- What to work on
With all pictures excluded, restate the records that follow exactly as written.

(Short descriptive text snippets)
========================================
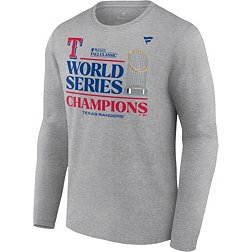 MLB Adult 2023 World Series Champions Texas Rangers Locker Room Long Sleeve T-Shirt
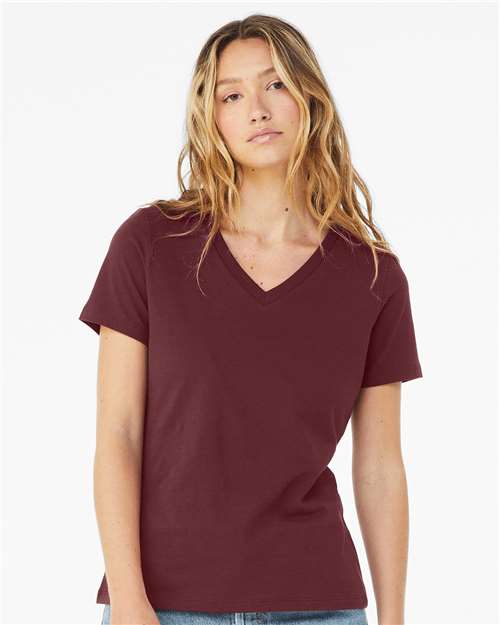 Women’s Relaxed Jersey V-Neck Tee - 6405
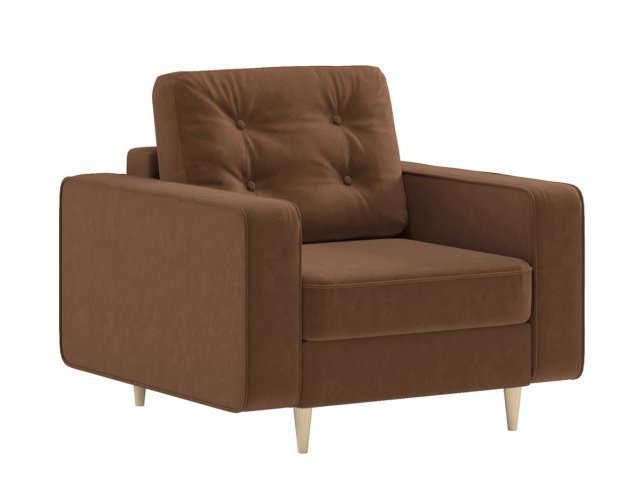 Кресло Феличита, с деревянными ножками, обивка велюр Velutto 55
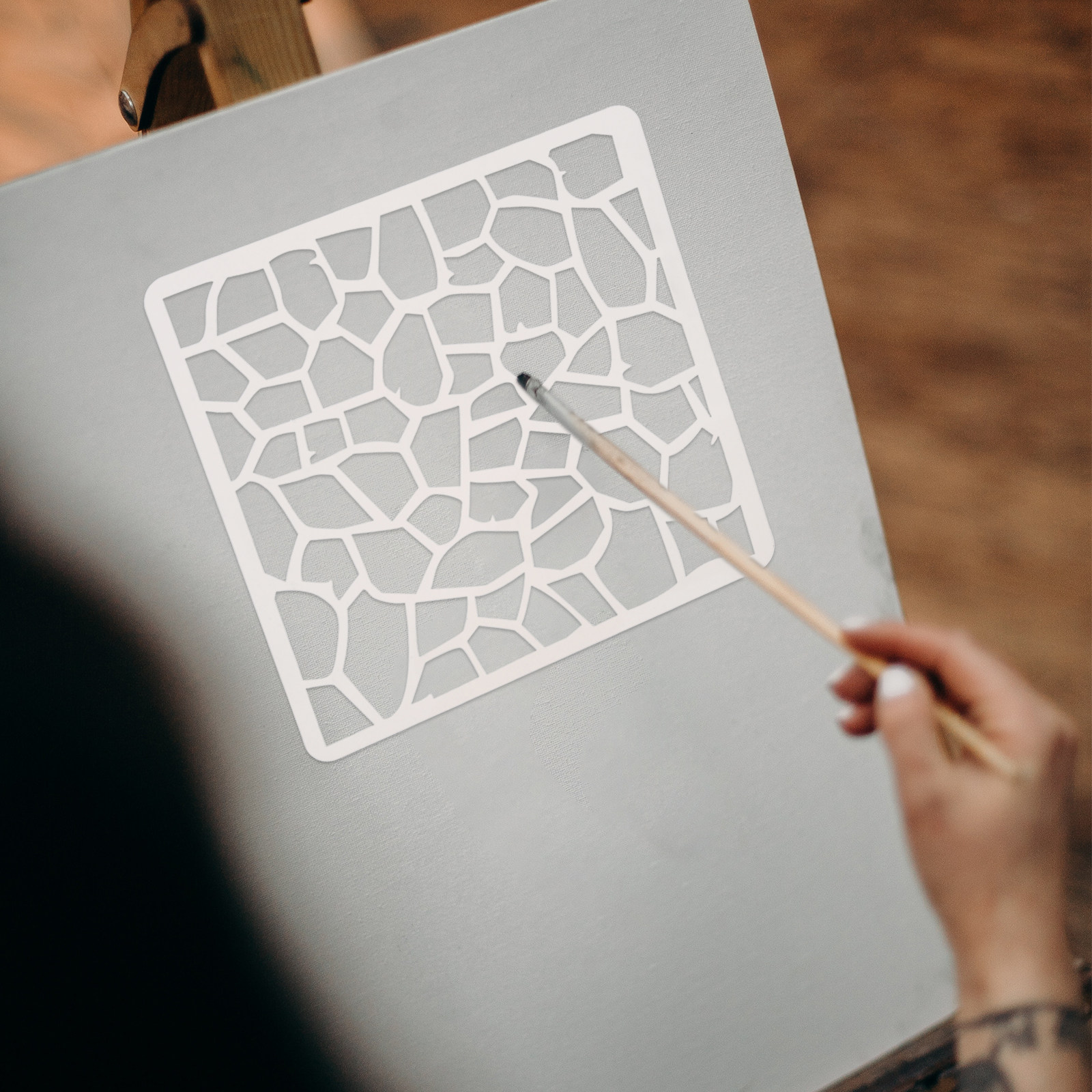 Stencil Geometrici Riutilizzab - Art Craft Journal recensione e prezzo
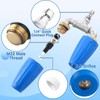 Pressure Washer Dual Turbo Nozzle 2mm Hole 4‑6GPM 4000PSI Pressure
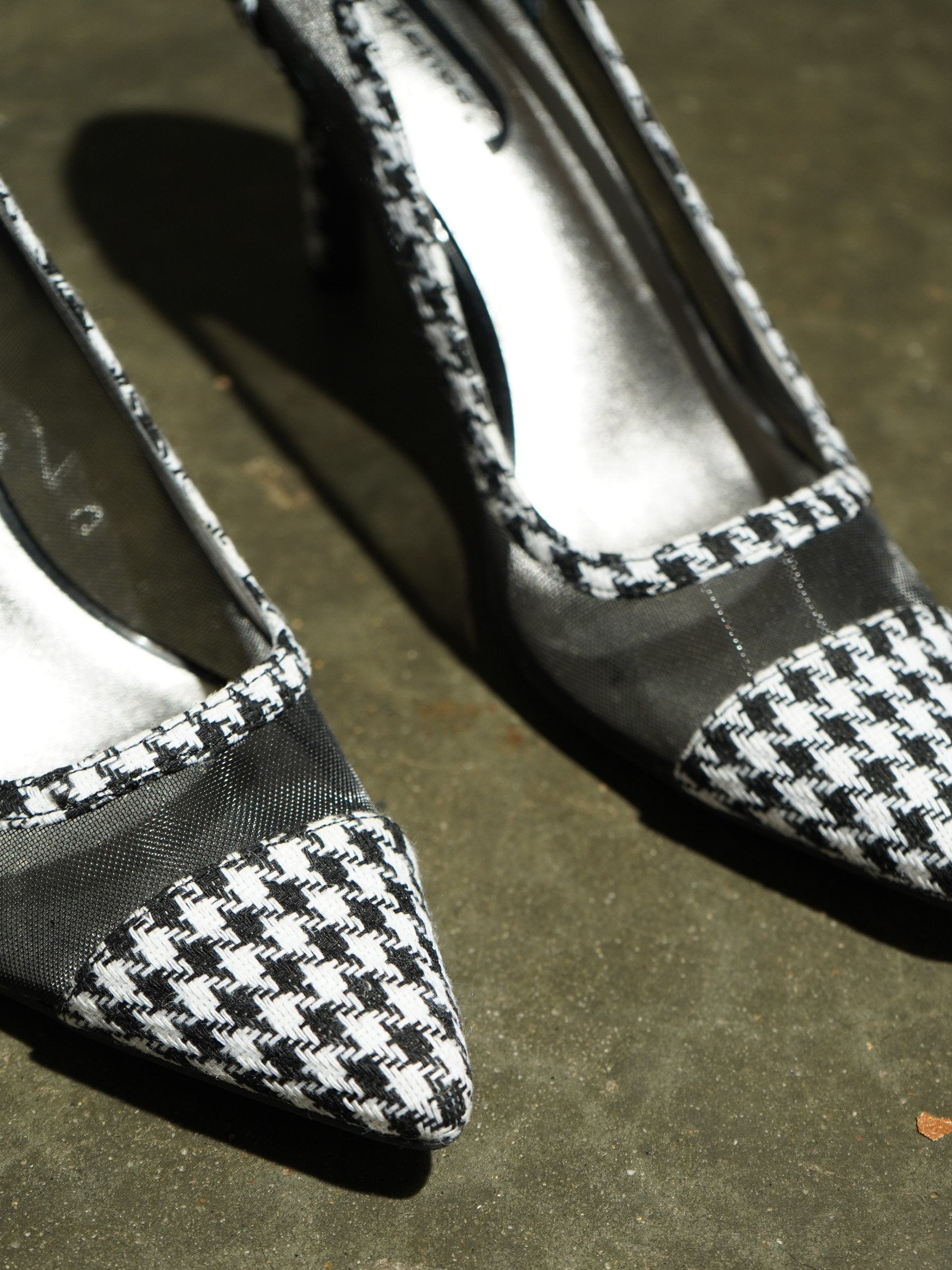 J. Renee Houndstooth Mesh Cap-Toe Stiletto Pump — image 7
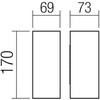 10W LED sieninis lauko šviestuvas SONNY, rūdžių sp., 2200/3000/4000K, IP54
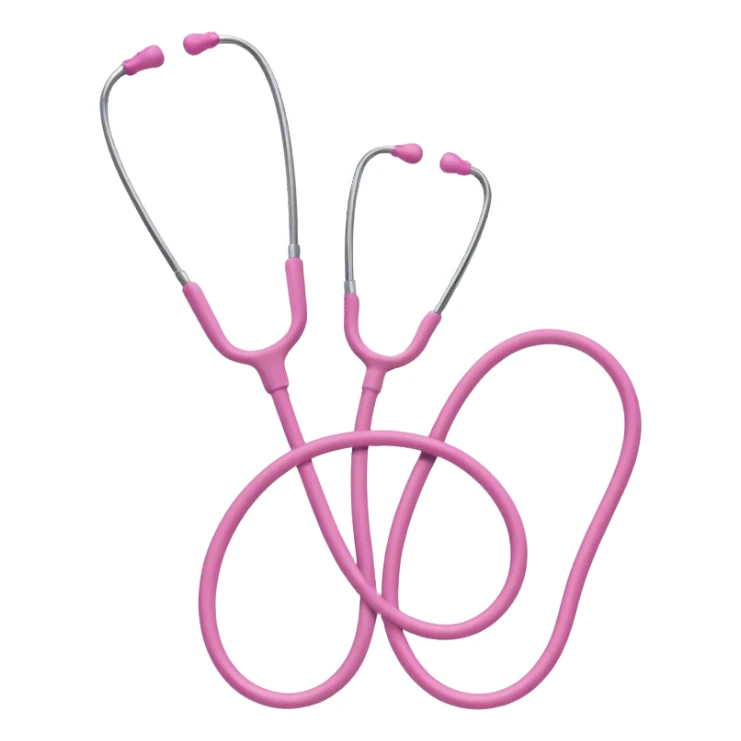 Pink stethoscope sticker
========================================
- Solution
 MLB Adult 2023 World Series Champions Texas Rangers Locker Room Long Sleeve T-Shirt
 Women’s Relaxed Jersey V-Neck Tee - 6405
 Кресло Феличита, с деревянными ножками, обивка велюр Velutto 55
 Stencil Geometrici Riutilizzab - Art Craft Journal recensione e prezzo
 Pressure Washer Dual Turbo Nozzle 2mm Hole 4‑6GPM 4000PSI Pressure
 J. Renee Houndstooth Mesh Cap-Toe Stiletto Pump — image 7
 10W LED sieninis lauko šviestuvas SONNY, rūdžių sp., 2200/3000/4000K, IP54
 Pink stethoscope sticker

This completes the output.